First-time novelist Warrell tells this powerful, polyphonic tale mainly through the voices of those people Circus loves and leaves ... All of these narrators appear and reappear as recurring motifs in the fugue-like tapestry of Circus’ life, each playing a variation on the theme of this deeply flawed but charismatic man’s hold on them, but also displaying their determination to establish individual lives. Maggie, whom Circus abandons after she reveals she’s pregnant with his child, and Koko, struggling with her sexual coming-of-age, are at the emotional center of a novel that ripples with passion and the ineffable sadness of relationships run aground. And yet, at the end, there is an uplifting sense of possibility, a deeply satisfying tonic chord set against the dissonance that has come before.

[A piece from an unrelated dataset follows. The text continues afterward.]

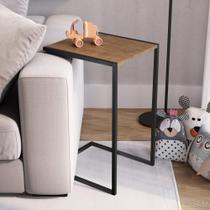 Mesa de Apoio Lateral Industrial - Carvalho/Preto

Jazz, Circus reminds us, 'sweetens the soul,' and so it is in this remarkably assured, unforgettable debut.
Warrell plays her exceptional first novel with plenty of rhythm and tenderness, delivered in brisk, mordantly gorgeous language that has its own natural flow ... Each woman has her own life, her own story—none is defined by Circus, though all are touched by him—and as in any good jazz piece these stories play off one another seamlessly. In the end, Circus isn’t just damager but damaged, coming to terms with his limits and learning to reach out, an understanding that Warrell movingly delivers ... A highly recommended story of love and life that makes beautiful music.
... impressive ... Vivid, poignant portraits of these women are interspersed with the separate struggles of both Circus and Koko to get through transitions that have little in common with each other except pain and shame. Though this is her first novel, Warrell displays delicately wrought characterization and a formidable command of physical and emotional detail. Her more intimate set pieces deliver sensual, erotic vibrations, and, most crucially for a novel that takes its title from Jelly Roll Morton, she knows how to write about the way it feels to deliver jazz—and receive it ... A captivating modern romance evoking love, loss, recovery, and redemption.